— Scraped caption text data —
--------------------------------------------------

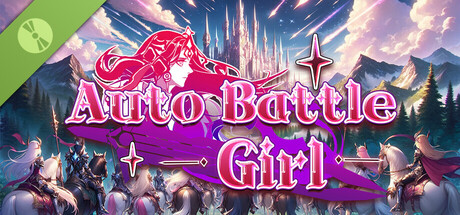 Auto Battle Girl Demo
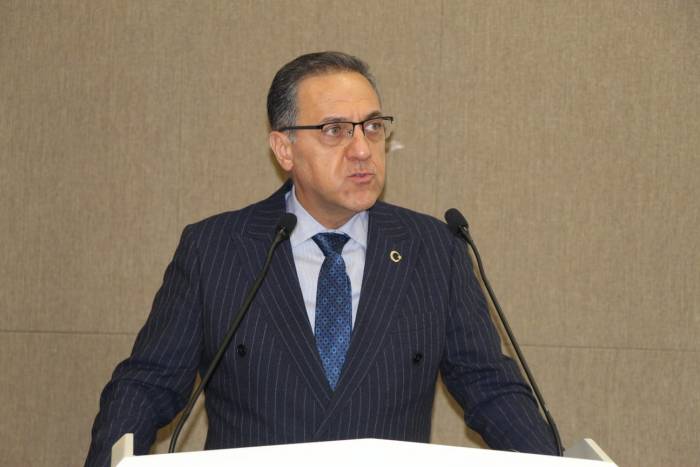 Bingöl Valisi Usta: ‘’sağlam Zeminlere Binalarımızı Yapacağız, Binalarımız Yıkıksa, Ağır Hasarlıysa, Çürükse O Binaları Bir Kere Boşaltacağız”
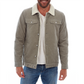 Kolton Corduroy Trucker Jacket - Sherpa Inner & Collar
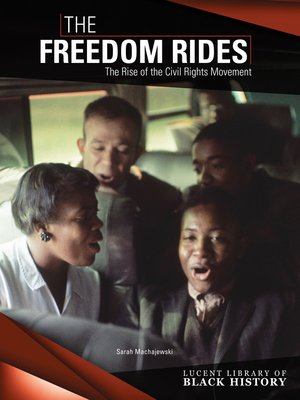 cover image of The Freedom Rides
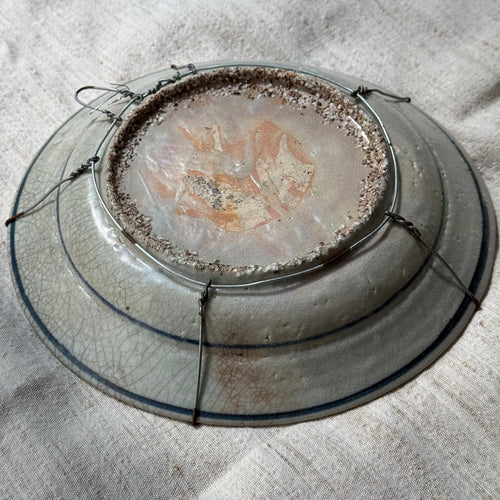 16th-century Swatow Ming Porcelain Shipwreck Plate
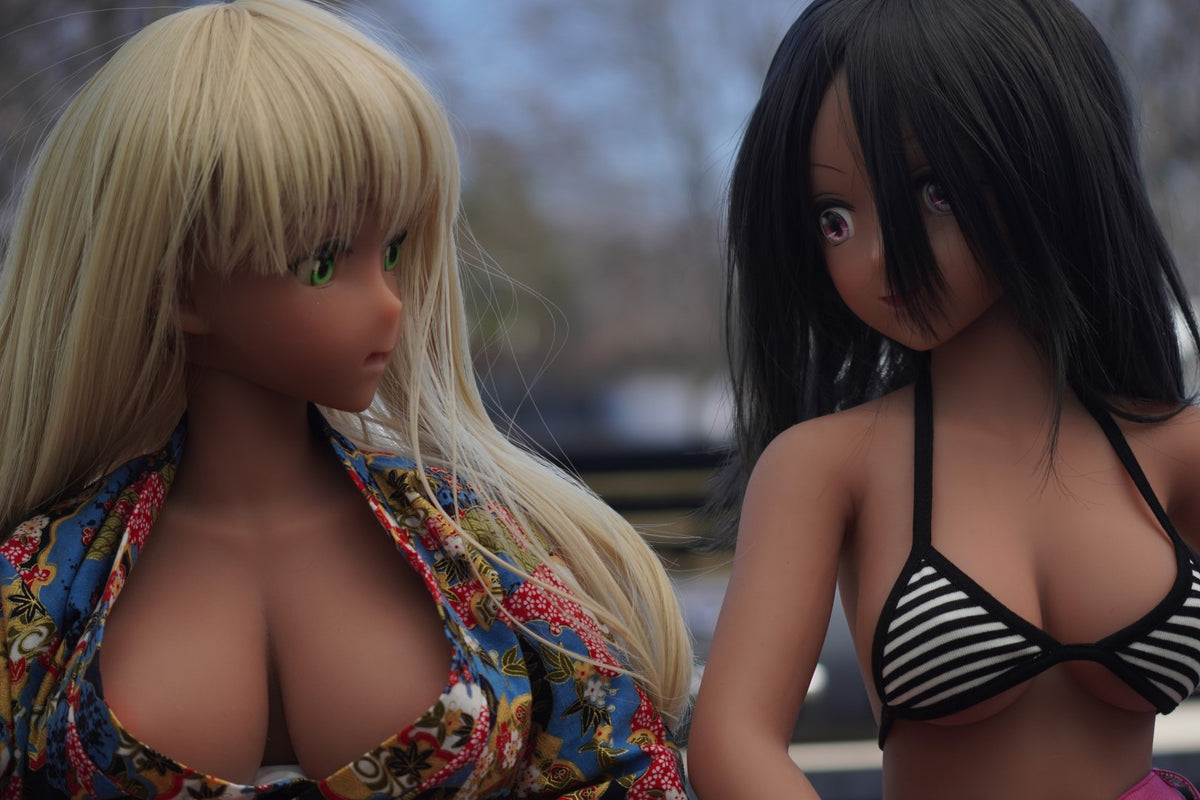 Shiori poupée sexuelle (Irokebijin 80 cm F-Cup TPE) EXPRESS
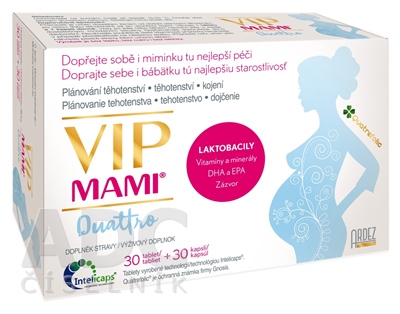 VIP MAMI Quattro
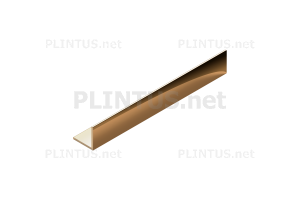 Угол Neexy PVL73 латунь 15х15мм
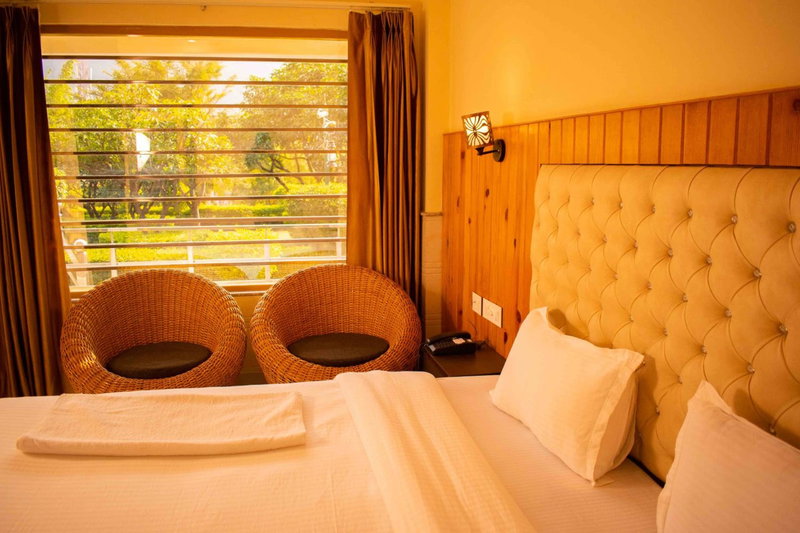 MVT Guesthouse & Restaurant (Rishikesh), Rishīkesh, India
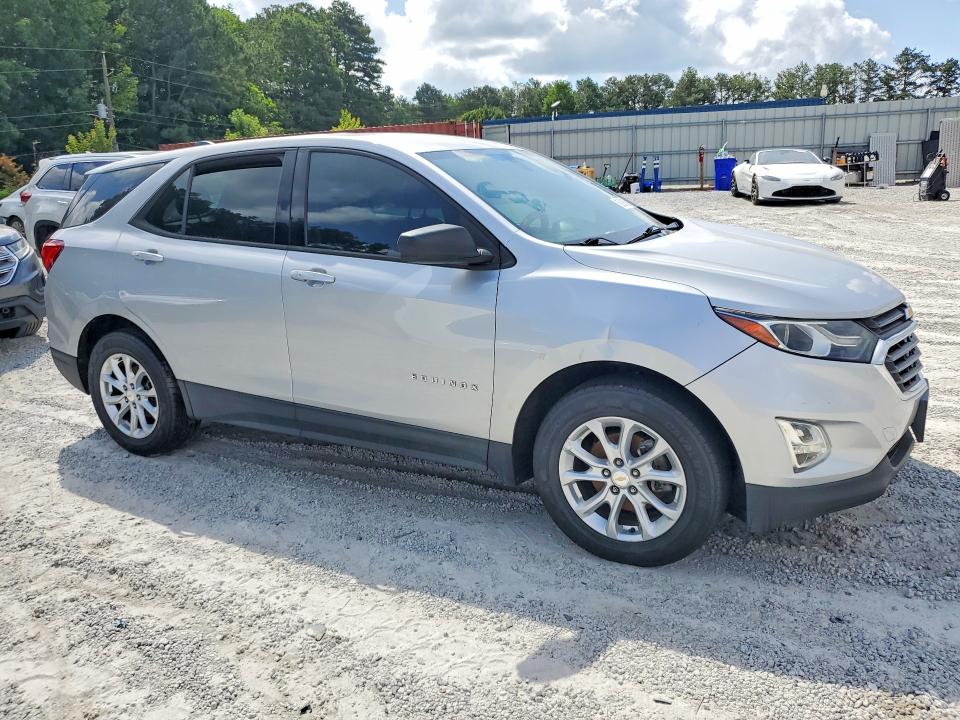 2019 Chevrolet Equinox მანქანა იყიდება აუქციონზე, vin: 2GNAXHEV7K6195499, აუქციონის ნომერი: 59086086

--------------------------------------------------

— Your goal —
Reproduce the lines from the line containing "VIP MAMI Quattro" through the end of the records above, exactly and inclusively, omitting pictures.

— Response below —
 VIP MAMI Quattro
 Угол Neexy PVL73 латунь 15х15мм
 MVT Guesthouse & Restaurant (Rishikesh), Rishīkesh, India
 2019 Chevrolet Equinox მანქანა იყიდება აუქციონზე, vin: 2GNAXHEV7K6195499, აუქციონის ნომერი: 59086086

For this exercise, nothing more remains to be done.